This task calls for the lines below starting at the one containing "تناسب اندام و بوکس و بدنسازی" and ending at the one containing "шарф fendi|Fendi scarf for women.", repeated exactly with both ends kept and pictures left out.

Records shown -
· · · · ·

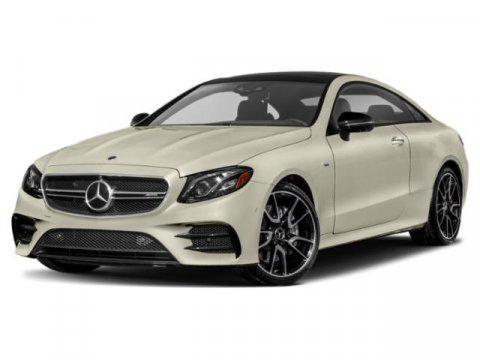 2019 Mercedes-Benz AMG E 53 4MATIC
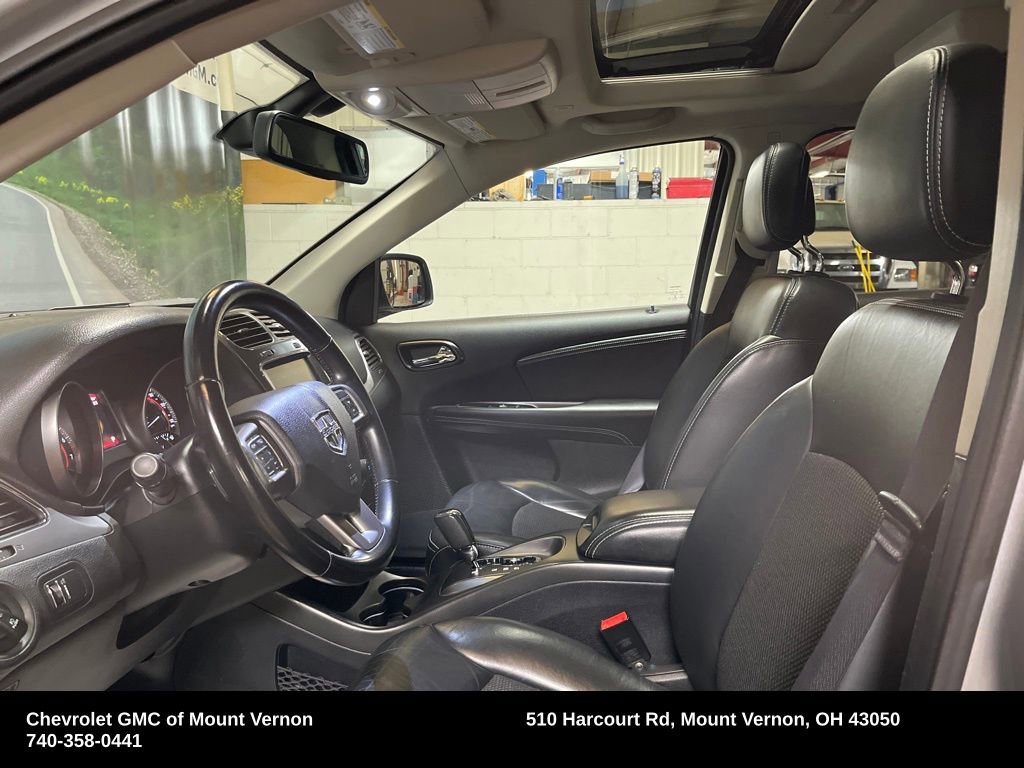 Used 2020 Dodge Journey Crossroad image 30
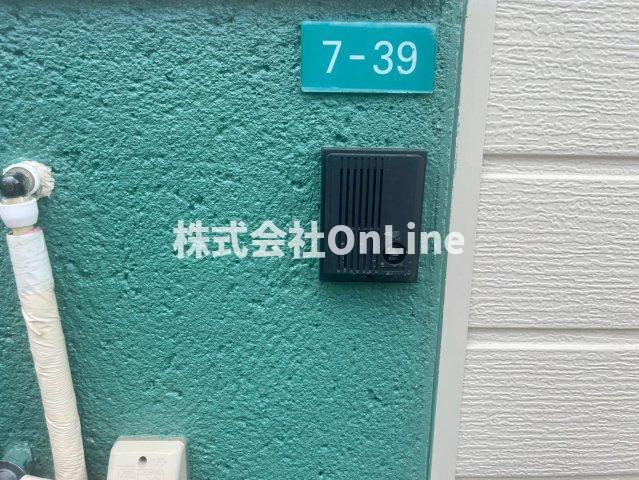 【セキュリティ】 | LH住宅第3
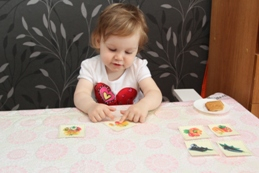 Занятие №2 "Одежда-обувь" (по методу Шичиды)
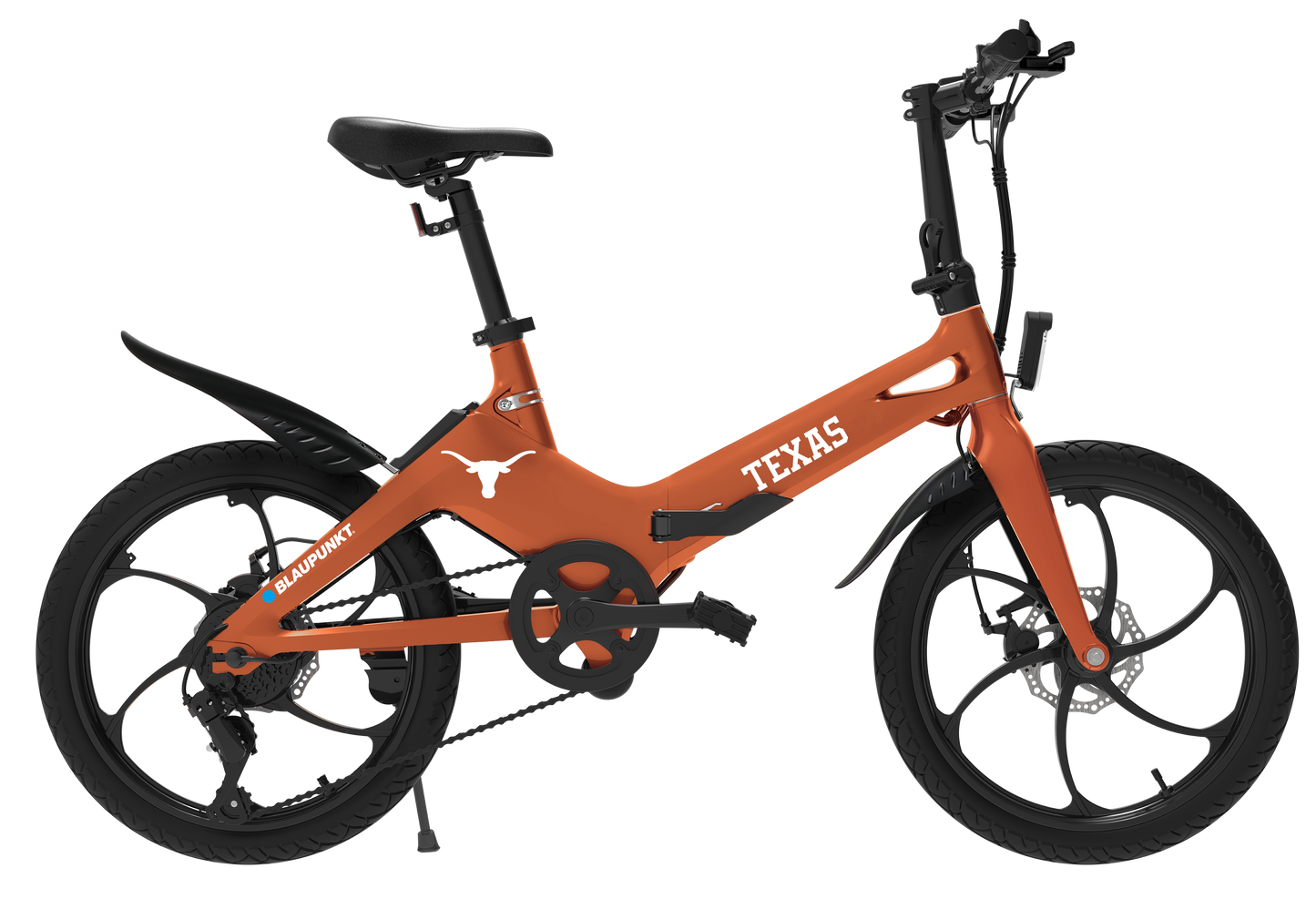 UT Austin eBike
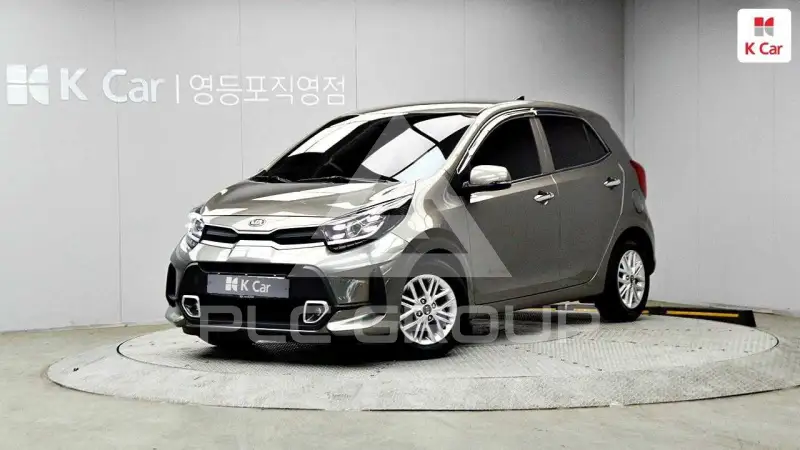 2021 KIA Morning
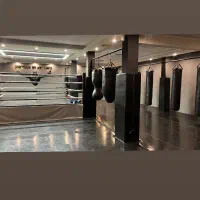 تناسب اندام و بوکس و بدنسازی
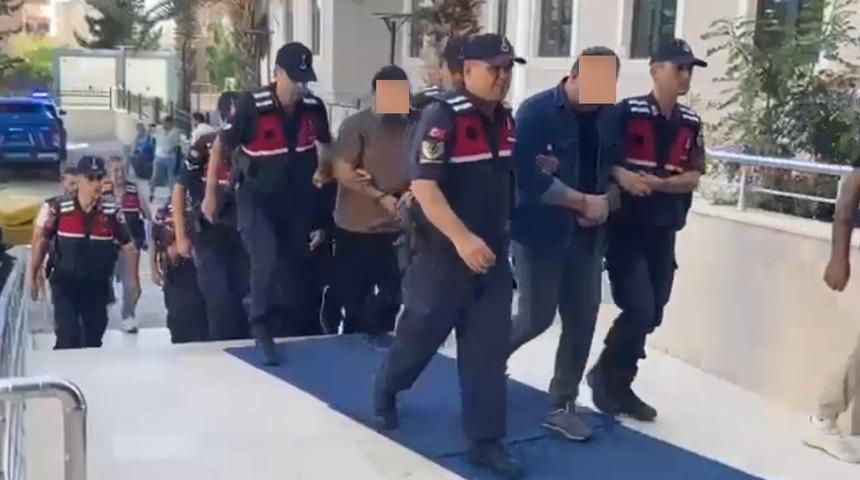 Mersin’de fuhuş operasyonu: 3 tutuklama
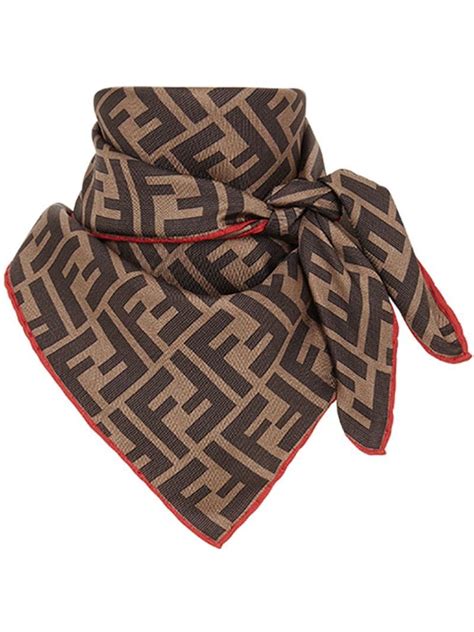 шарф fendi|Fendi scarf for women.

· · · · ·

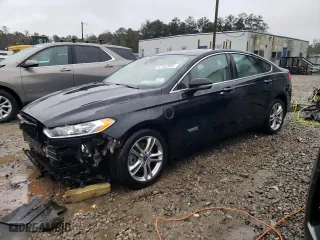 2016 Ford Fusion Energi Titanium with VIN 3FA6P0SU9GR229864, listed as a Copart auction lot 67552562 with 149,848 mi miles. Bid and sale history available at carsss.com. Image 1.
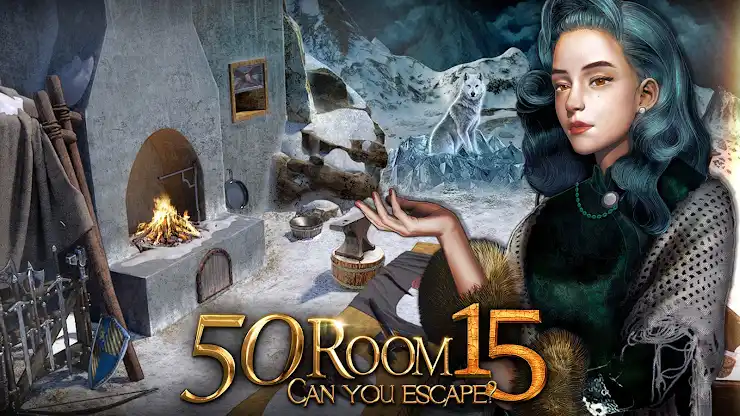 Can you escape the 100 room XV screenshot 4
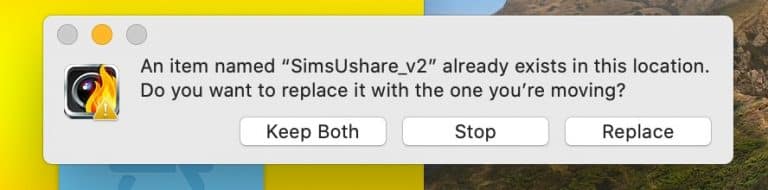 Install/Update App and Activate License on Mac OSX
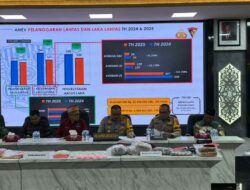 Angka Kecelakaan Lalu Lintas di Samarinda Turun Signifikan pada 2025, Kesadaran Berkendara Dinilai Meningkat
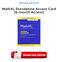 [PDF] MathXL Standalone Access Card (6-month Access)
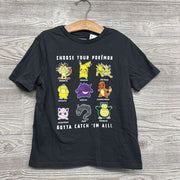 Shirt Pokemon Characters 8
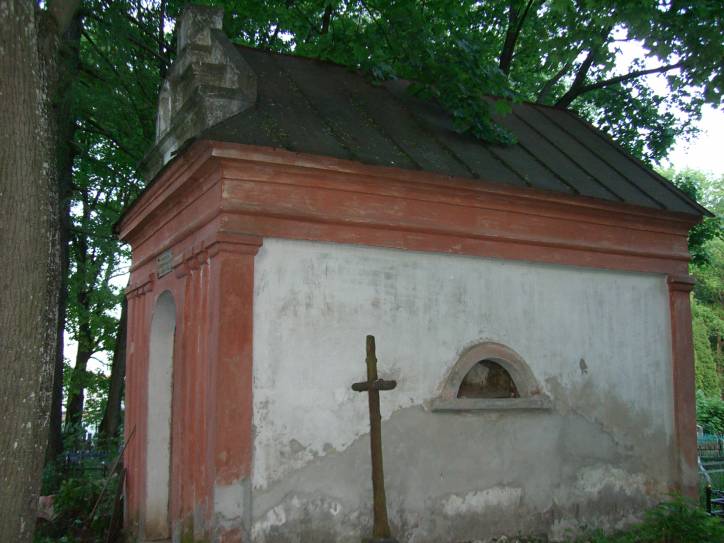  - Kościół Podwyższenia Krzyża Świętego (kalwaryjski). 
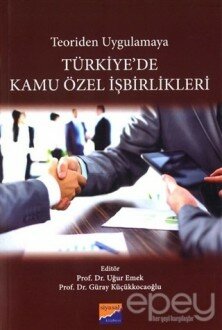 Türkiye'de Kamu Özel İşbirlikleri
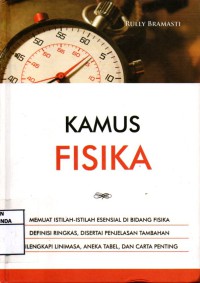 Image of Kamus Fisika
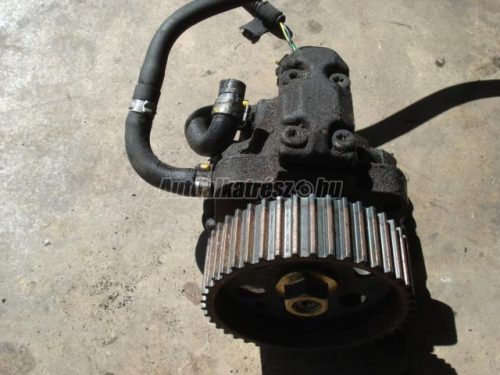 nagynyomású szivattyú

· · · · ·

Your response -
 تناسب اندام و بوکس و بدنسازی
 Mersin’de fuhuş operasyonu: 3 tutuklama
 шарф fendi|Fendi scarf for women.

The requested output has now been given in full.